梅毒は細菌感染症であり,梅毒トレポネーマが病原体です.梅毒トレポネーマは直径が0.1-0.2μm,長さ6-20μmのらせん状で,活発な運動性を有します.染色法や暗視野顕微鏡で肉眼的に観察できますが,試験内培養ができないために病原性の仕組みはほとんど解明されていません.

日本では1948年に性病予防法が制定され,梅毒は全数報告が求められる疾病になりました.当時は年間22万人の患者発生がありました.その後減少し,1960年代には年間6000-12000人,2000年代には年間700ー800人程度に減少しました.しかし,2010年以後は増加に転じ,2014年には1671人の患者発生が確認されています.

梅毒は,梅毒トレポネーマが主に性的接触により,粘膜や皮膚の小さな傷から侵入して感染します.また,感染した妊婦の胎盤を通じて胎児に感染した場合は,流産,死産,先天梅毒が生じることがあります.なお,母乳による母子感染は成立しないと考えられています.

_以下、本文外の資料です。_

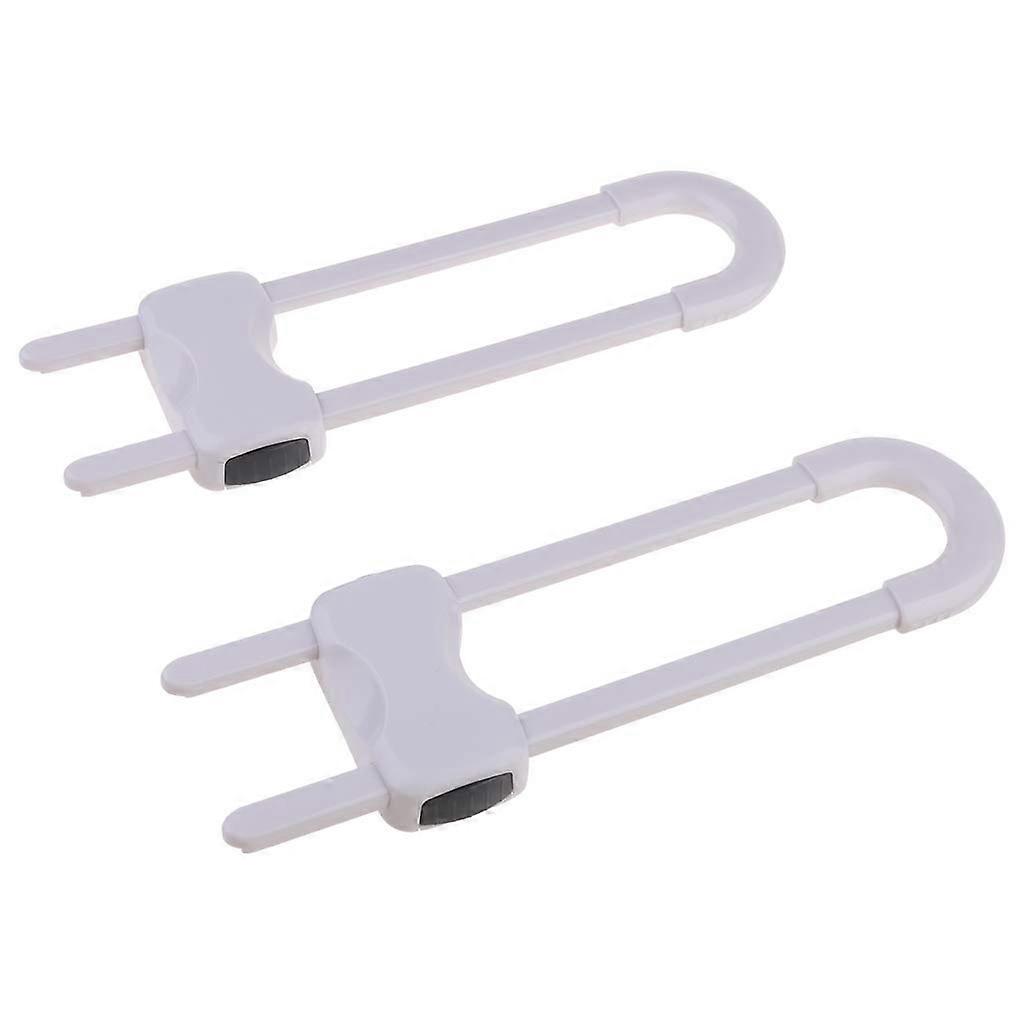 Childproof Cabinet Locks (2Pack) Ushaped Latches, No Tools Required, ABS Baby Proofing Locks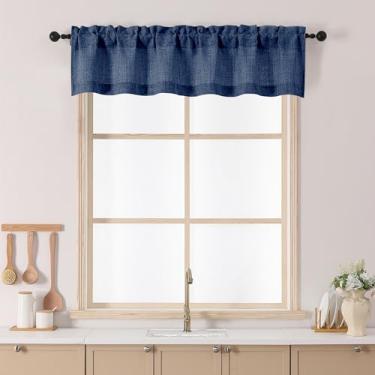 Imagem de Chyhomenyc Saia azul marinho para janelas, cortina curta com filtro de luz de linho sintético texturizada, pequena para cozinha, bolso de haste, cortina curta para banheiro, porão, quinta, 152 x 30 cm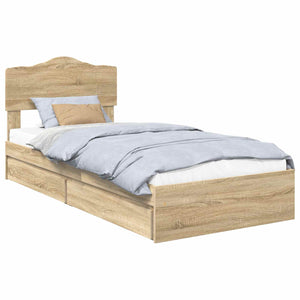 vidaXL Storage Bed Sonoma Oak 70 x 190 cm Engineered Wood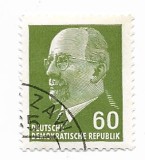 Germania Democrata - Walter Ulbricht - Valoare noua, 1964 - obliterat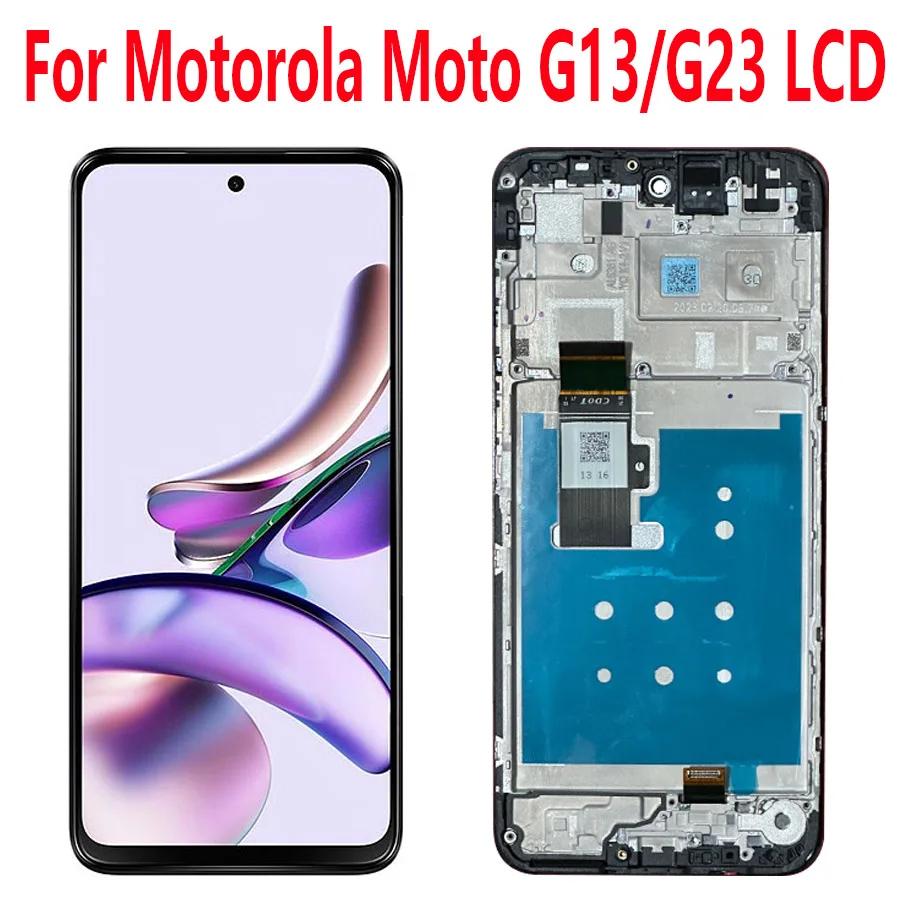 

ЖК-дисплей 6,5 дюйма для Motorola Moto G13, сенсорный экран, дигитайзер в сборе, замена экрана для Moto G23, ЖК-дисплей с рамкой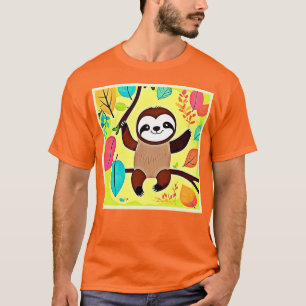 Schattigee luiaard die aan een boomtak hangt t-shirt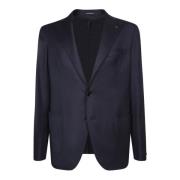 Blauwe Wol Zijde Blazer Tagliatore , Blue , Heren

梅毒トレポネーマが感染すると,3-6週間程度の潜伏期の後に,感染箇所に初期硬結や硬性下疳が出現します.これを,I期顕症梅毒と呼びます.その後,数週間から数カ月を経過すると梅毒トレポネーマが血行性に全身へ移行し,皮膚や粘膜に発疹が出現します.これをII期顕症梅毒と呼びます.I期顕症梅毒とII期顕症梅毒を早期顕症梅毒と総称します.感染後数年から数十年経過すると,ゴム腫,心血管症状,神経症状などが出現する場合があり,これを晩期顕症梅毒と呼びます.早期顕症梅毒と晩期顕症梅毒の間に症状が消える無症候期があり,診断,治療の遅れにつながることがあります.

先天梅毒では,生後間もなく皮膚病変,肝脾腫,骨軟骨炎などが認められ,これを早期先天梅毒と呼びます.乳幼児期は症状を呈さず,学童期以降にハッチンソン3徴候(実質性角膜炎,内耳性難聴,ハッチンソン歯)を呈するものを晩期先天梅毒と呼びます.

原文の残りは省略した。